Likewise, if you fear being deceived by a liar, you may create really high standards for people so you will not end up with a liar. However, if you demand perfection and never have grace for imperfect people, the only people you will be attracted to are the ones who are pretending to be perfect, because no one is actually perfect. Ironically, your fear of ending up with a liar will actually create the environment for you to end up with a liar.
1 John 1:7-8 states, “But if we walk in the light, as he is in the light, we have fellowship with one another, and the blood of Jesus his Son cleanses us from all sin. If we say we have no sin, we deceive ourselves, and the truth is not in us.” High standards can be met by someone who walks in the light. Toxic expectations, however, are things only liars who deny their own sin will try to live up to.
3. High Standards Are Rooted in Biblical Wisdom. Toxic Expectations Are Rooted in Worldly Fantasy
Contrary to what the world thinks about the Bible, it does not lay out an impossible list of laws that everyone must follow if they want to be a Christian. Actually, the Bible lays out a perfect law not so that we can follow it and be saved, but rather so we can see that we can never follow it and thus we are in need of a Savior. Romans 3:20, “For by works of the law no human being will be justified in his sight, since through the law comes knowledge of sin.”
Ironically, the world ends up creating a very legalistic way of living while the Scriptures point to grace. The world creates symbols pointing to our need for a loving Savior. Every movie has a hero, every song has an object of worship, and every person dreams of finally meeting someone who can fill their heart completely.
Scripture, however, states that what we are all truly searching for is Jesus. He’s the one we actually long for. Thus, healthy standards will help you meet people who know they need Jesus just like you do. Toxic expectations, however, will be rooted in fantasy and Hollywood, and they will leave you empty because no one can save you but Christ.
God wants you to enjoy a relationship with another human. But no one can live up to romance novels and movies.

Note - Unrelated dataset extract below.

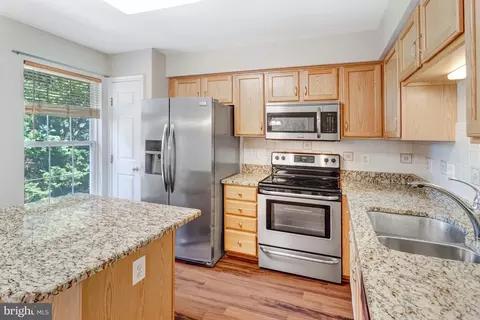 Kitchen - 7030 Rogue Forest Ln, Gainesville, VA 20155 photo 2 of 2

4. High Standards Are Something You Can Live Up to. Toxic Expectations Are Only Things You Expect Others to Live Up to
Perhaps the best way to know if you have high standards or toxic expectations is to first ask, “Am I living up to this standard myself?” Before you expect anything from anyone, always expect it from yourself first.
Matthew 7:3, “Why do you see the speck that is in your brother’s eye, but do not notice the log that is in your own eye?”
Healthy standards start with treating others how we want to be treated (Luke 6:31). Toxic expectations start with pride and entitlement, thinking that we deserve grace but everyone else needs to be perfect (Matthew 18:33-34).
If you are able to live up to what you want in someone else, that is a great sign that you have healthy, high standards.